Wednesday, March 25, 2009

Assessments as Instructional Tools

Something that came up in class started a train of thought on assessments. Charles mentioned the use of assessments as instructional tools. We discussed the general lack of this in education and some of the complications of doing so. Despite some of the complications, with all the tools we have, this seems a little silly. An institute of higher education exists to instruct and facilitate learning. All too often a student goes to take their test and then never looks at it again (unless there is some way to get more points by looking at it afterward or if they know it will help them in some cumulative final). I can remember classes where I just wanted to take the test, see my score and be done with it. The testing center is set up perfectly to reinforce that idea; no feedback is provided, you can't look at the test after it is graded unless the professor returns it. Therefore the only learning gains from a test is the preparation. It seems this usage of assessments represents an incorrect focus in learning, meaning the assessment is geared toward the institution's and professor's benefit rather than the student and learning. Perhaps it is due to administrative ease, or to create an obstacle to cheating, or save on/ compensate for a lack of resources. Either way they rarely help a student really learn. In my opinion formal teaching has much more bang for its buck when there is a pattern of pre-teaching preparation on the part of the student, the actual instruction, and then lots of follow up. In my experience in a training setting this model is very effective. Perhaps I would even go so far as to say that the follow up is where most of the learning gains (50%) and experience happens because it involves the application of what was learned. The pre-training and training can be split various ways to make up the other 50%.
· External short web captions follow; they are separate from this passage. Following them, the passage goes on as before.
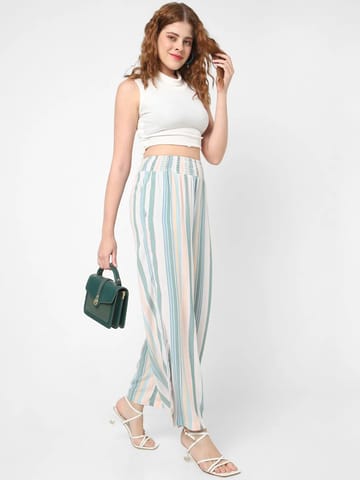 Mystere Paris Multicolour Striped Lounge Pants
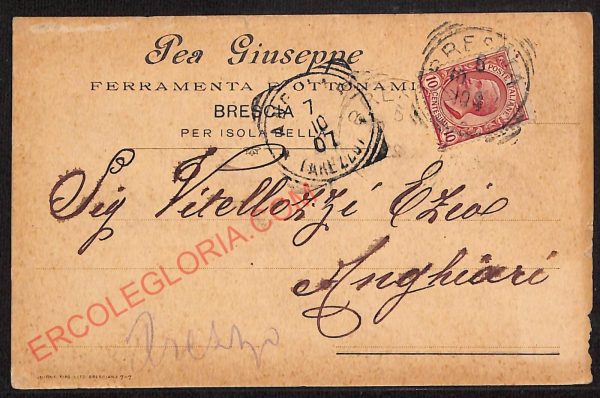ae4102 - CARTOLINA  D'EPOCA - Brescia Città - Pea Giuseppe
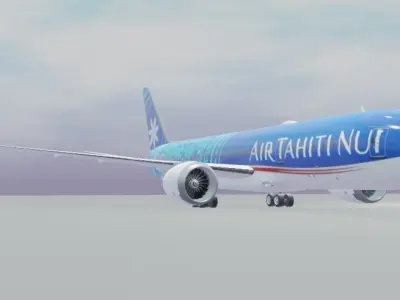 Air Tahiti Nui Boeing 787-9 dreamliner  Low-poly 3D model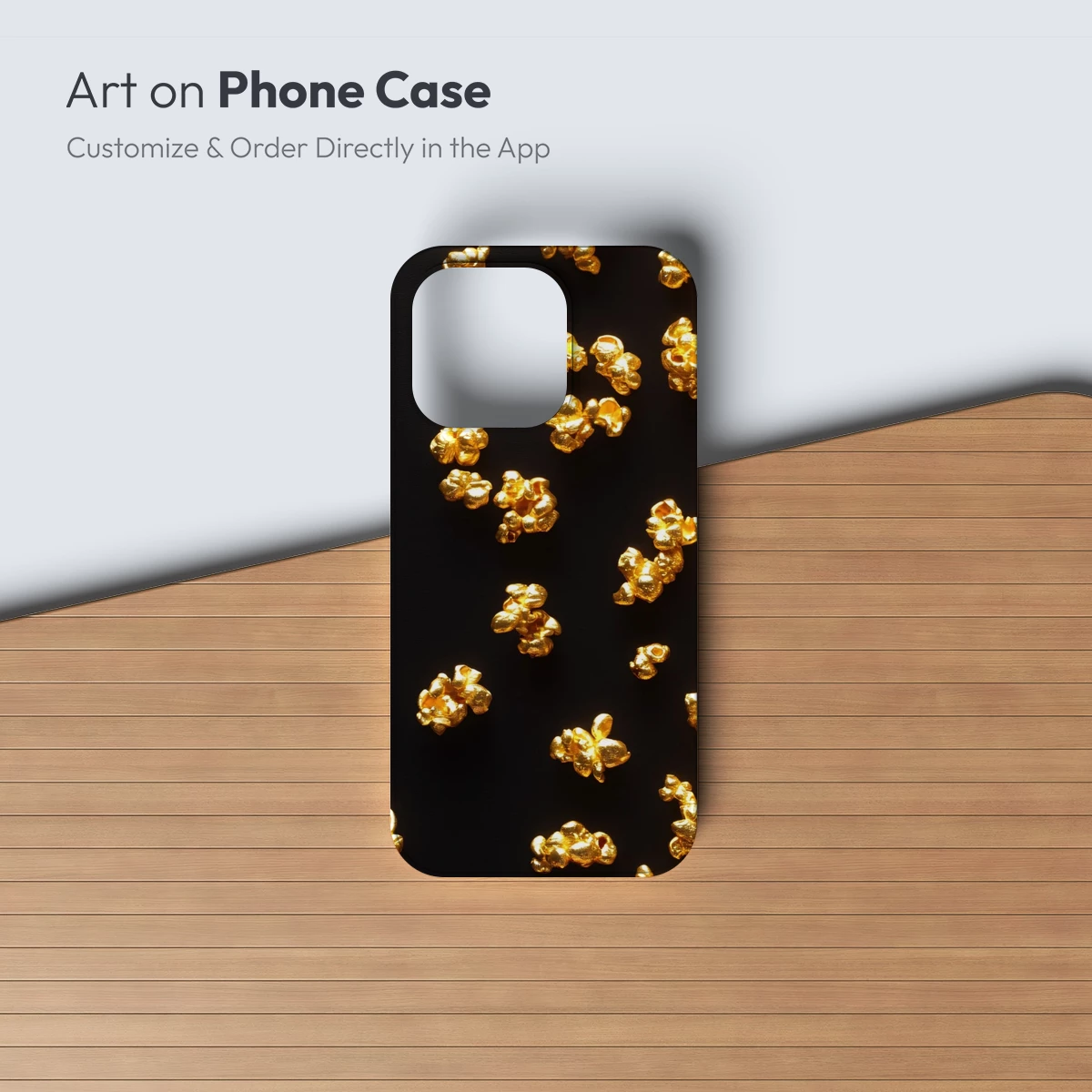 Golden Popcorn Cascade: Luxe Snack Artistry - Image 3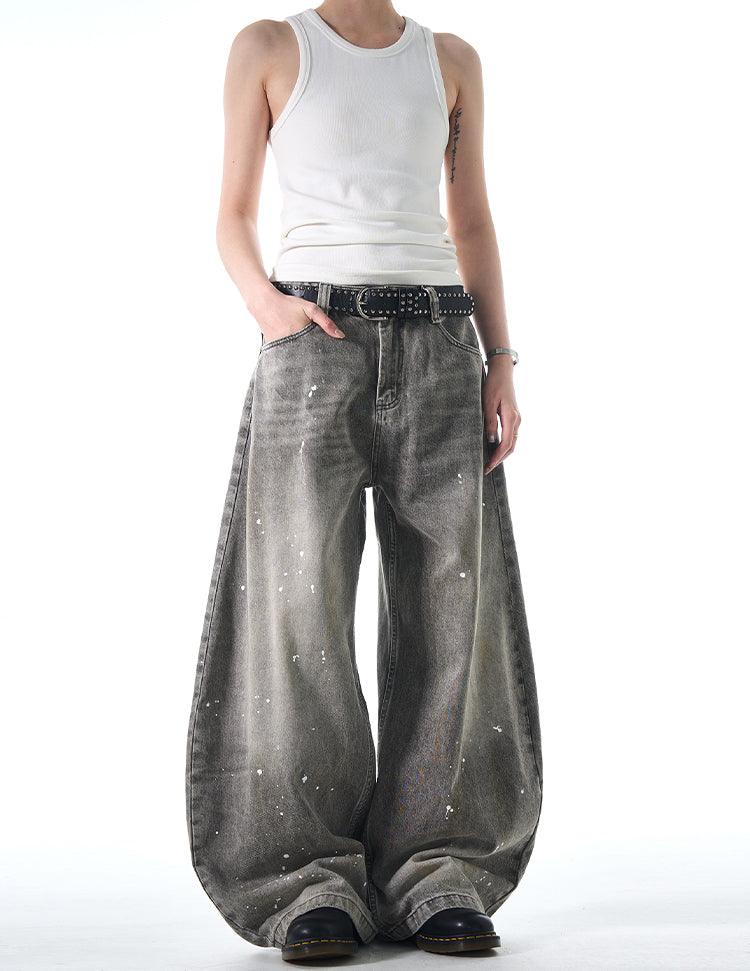ECLIPSE PAINT SPLATTER JEANS - Revivo Avenue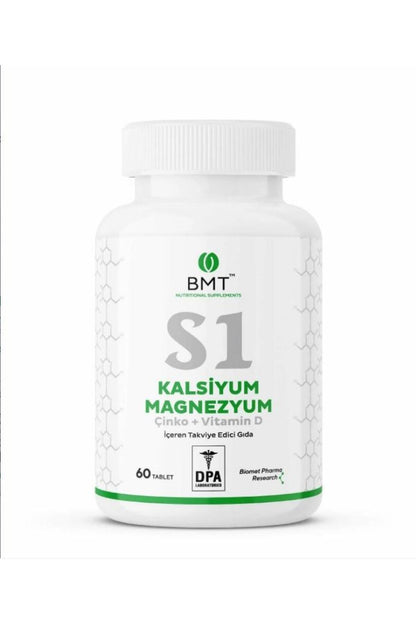 S1 Calcium Magnesium Çinko Vitamin D 60 Tablet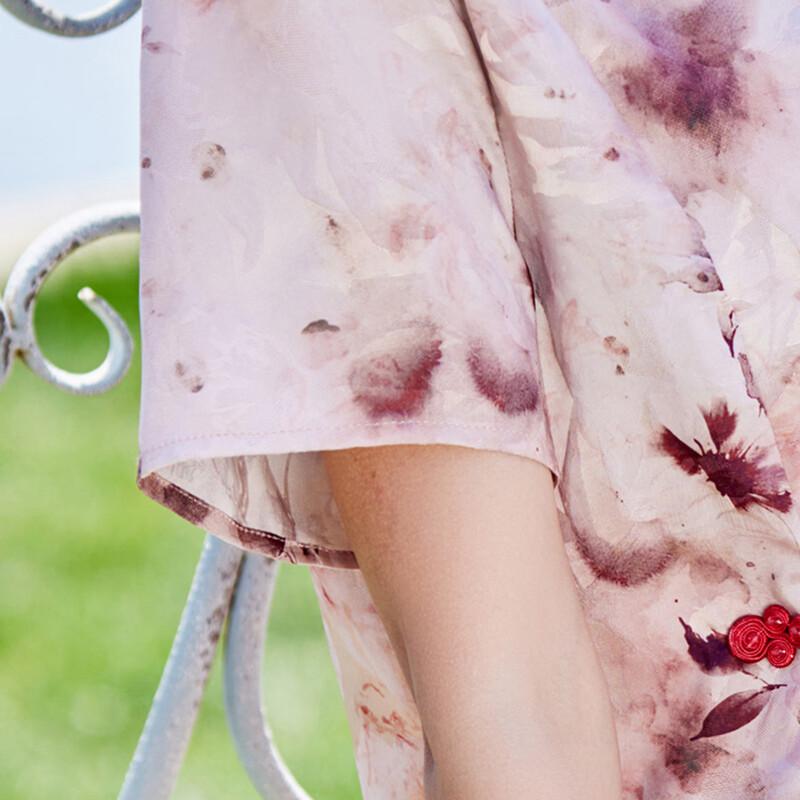 Past Moms' New Chinese Style Floral Summer Set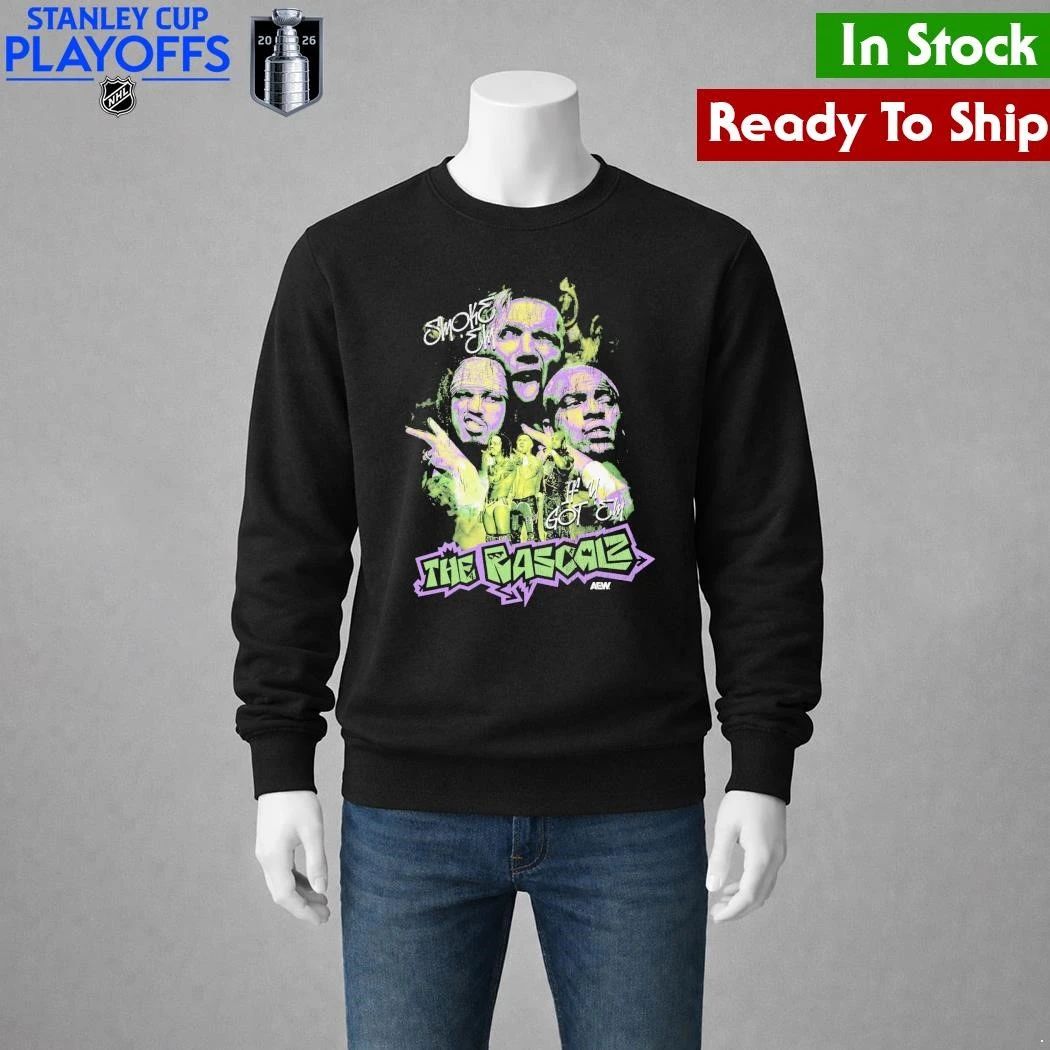 AEW The Rascalz Smoke ‘Em if You Got ‘Em Shirt Unisex , , , Long Sleeve Tee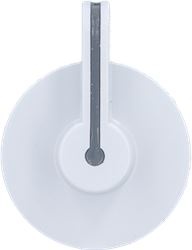 KNOB SMEG TYPE WHITE ø 30 mm 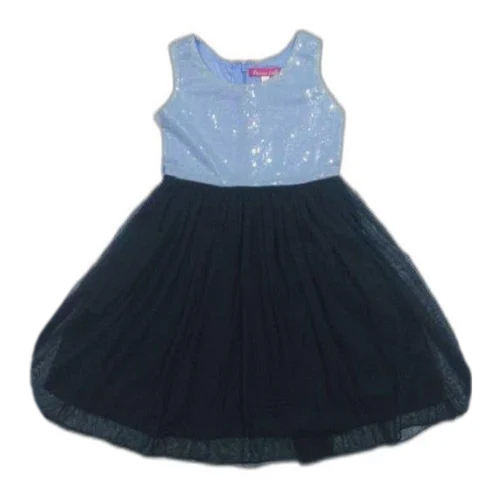Girls Rayon Party Wear Frock - Custom Size Modern Style | Perfect for Special Occasions and Festive Celebrations
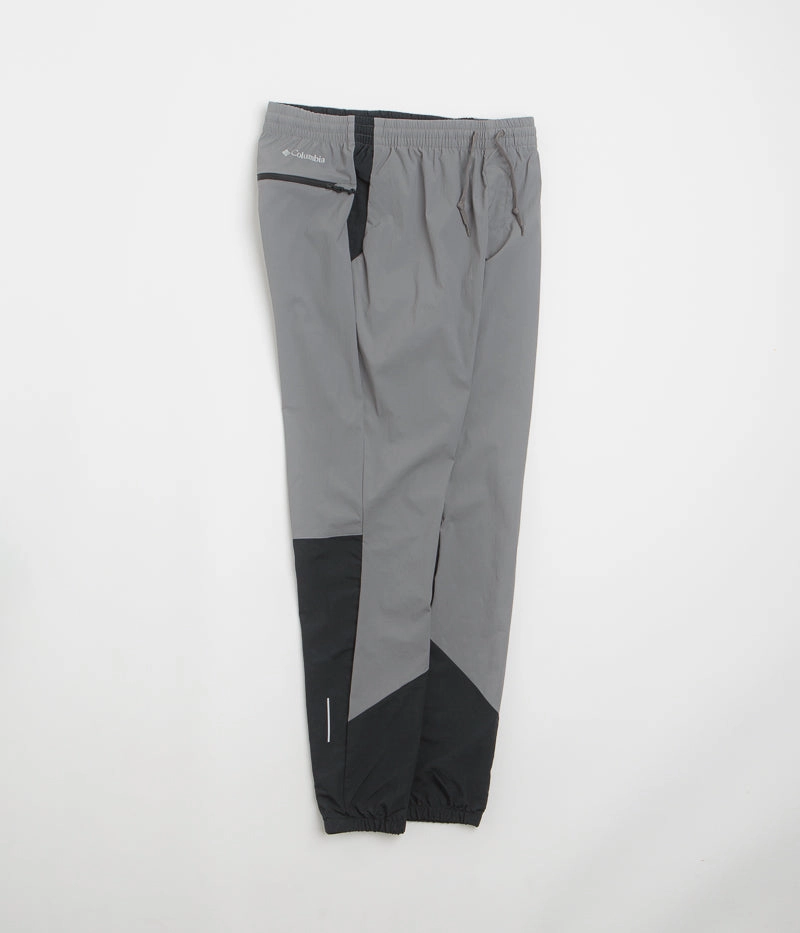MoistureControlLiner HighDensityWeave Columbia Tech Nylon Pants - City Grey / Black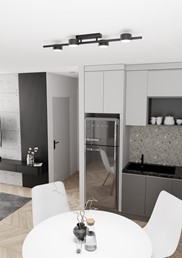 Lampa Sufitowa BET 4 Czarny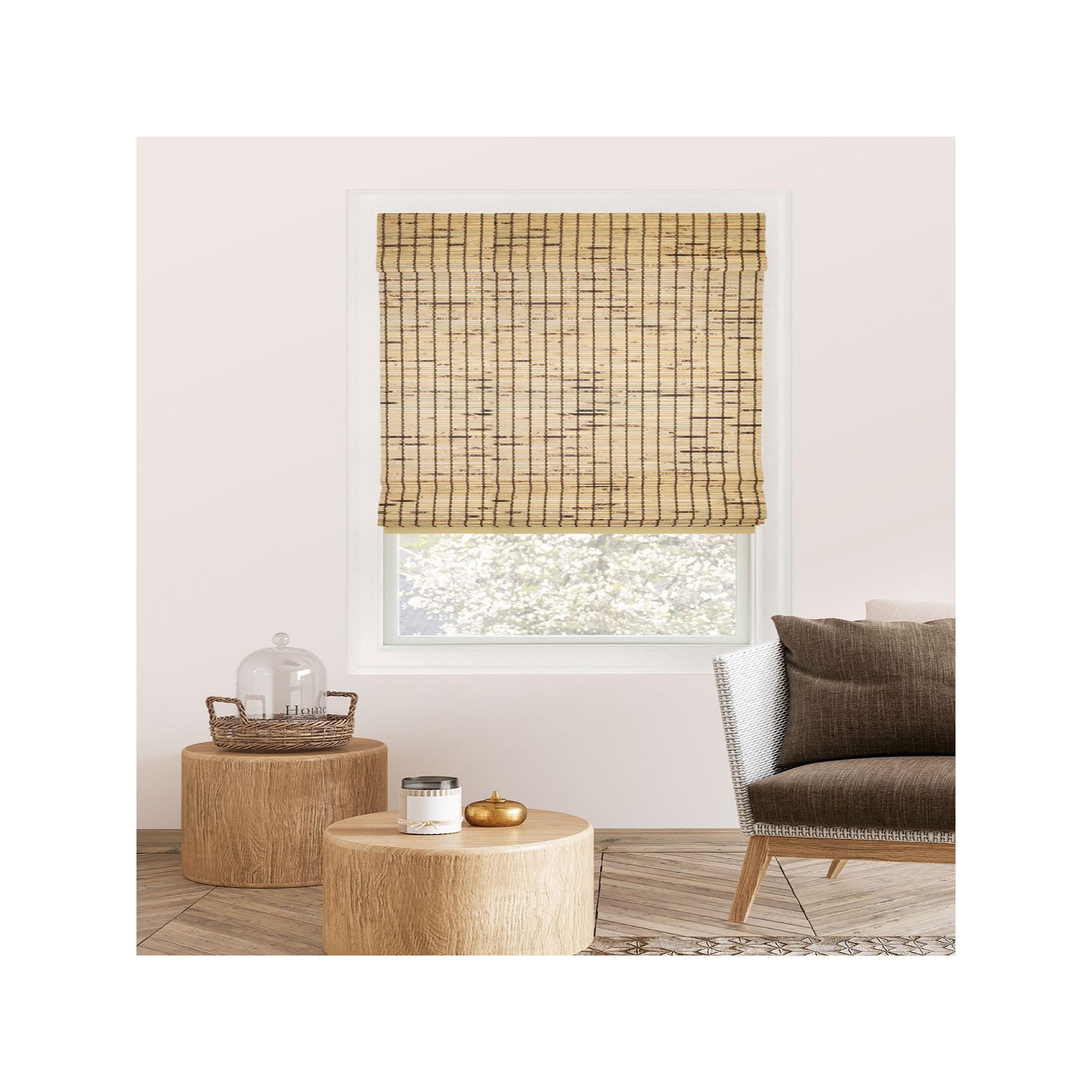 Chicology Cordless Roman Shades, Green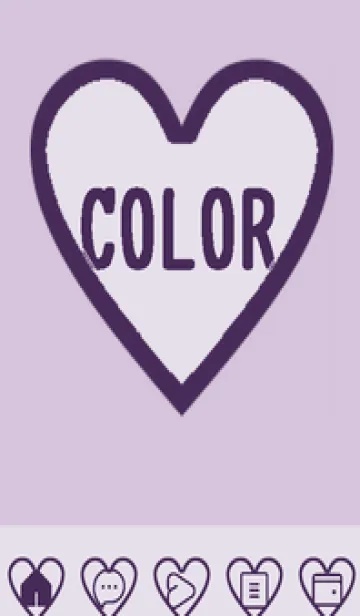 [LINE着せ替え] purple color F45の画像1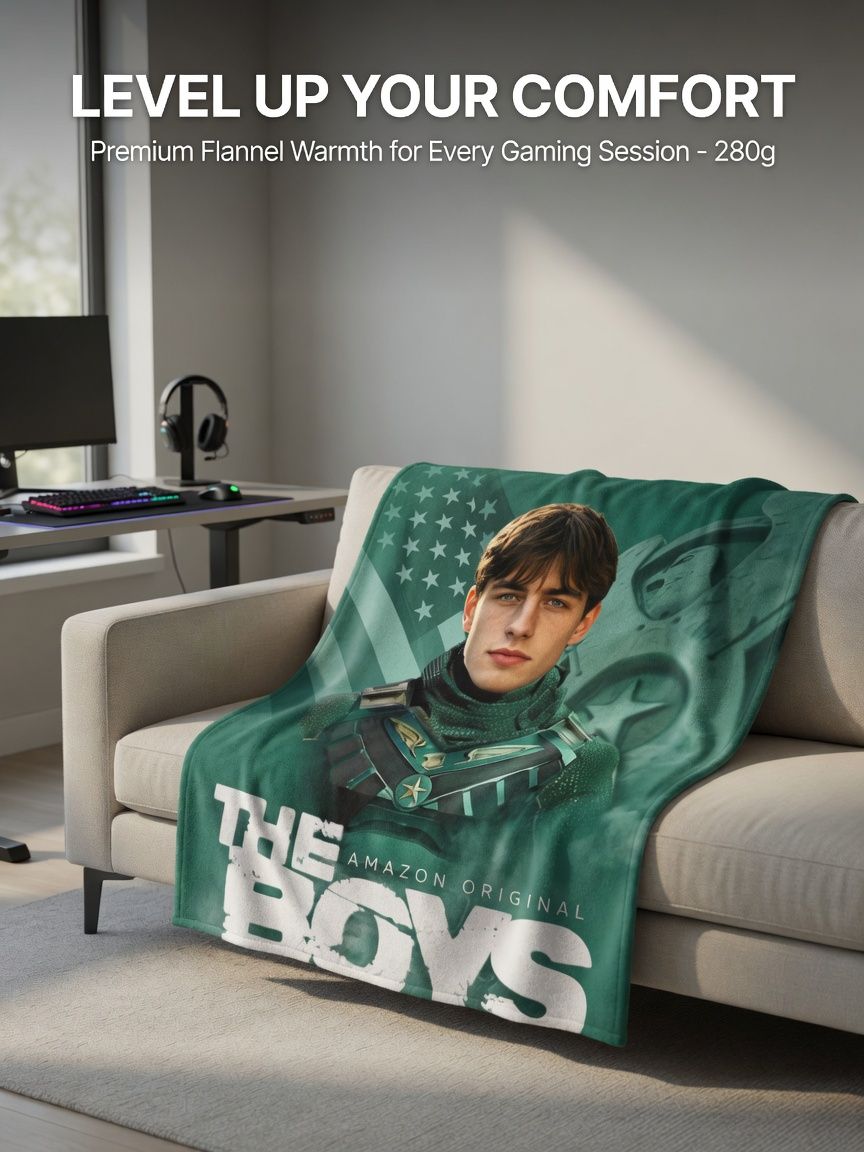 Custom Photo Portrait Flannel Blanket, Personalized Superhero Themed Cozy Warm Plush Throw, Ideal Unique Gift for Fans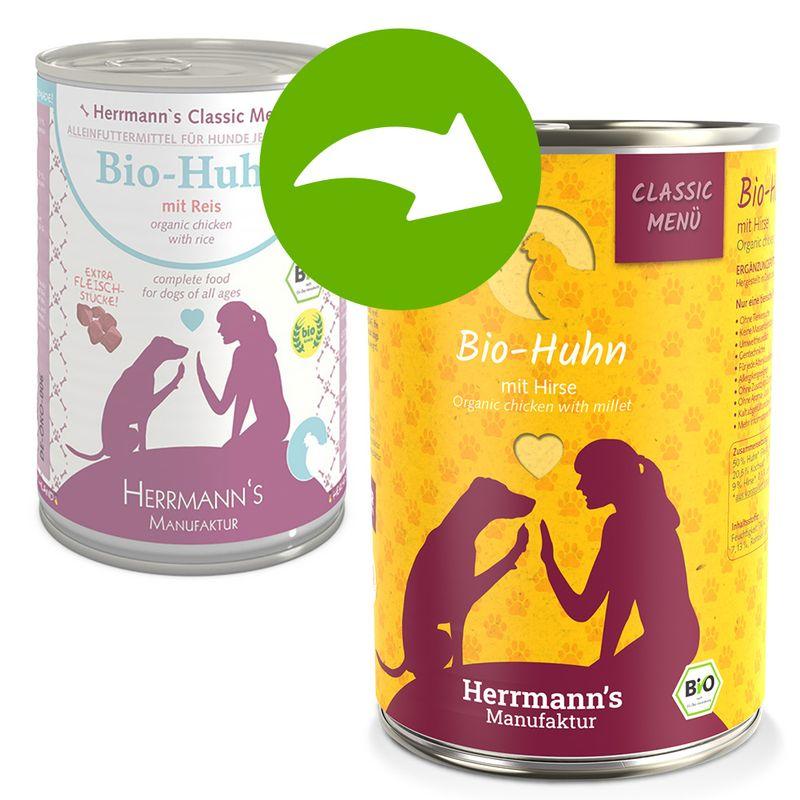 Zooplus Herrmann's Classic Bio Menù 24 x 400 g Umido per cane Enormi risparmi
So with that said it seems that assessments in some ways should be part of the training or teaching piece rather than the follow up. This would mean that the post-assessment activities and application of what was learned would be the key follow up where most of the learning would happen. Any thoughts?

3 comments:

Charles Graham said...

amen!

Peter Rich said...

I guess as an undergrad, I was a different kind of student. I was really interested in finding out and discussing what I missed. In fact, there's one linguistics professor that I asked for a final back and he promised it to me but never gave it. I bothered him about it for years. I think he threw it away or just didn't want to bother digging it up. To this day, I think I figured out the right answer, but don't know for sure. I want to know!

MikeGriffiths said...

In response to Peter's comment, it may be indicitive of the attitude that permeates our education system. Your professor who did not give you your final back, was not focused on your learning experience, but the course completion experience, which are not necessarily the same thing.

So how can we be expecting students to care about their learning more than their grades when the messages they get from teachers is that learning is not important.

So I agree with what has been said, and I try to make assessment a learning process when I teach. Feedback designed for enhancing learning is the way I have been describing it, but I am sure there is already a term in use for such a principle.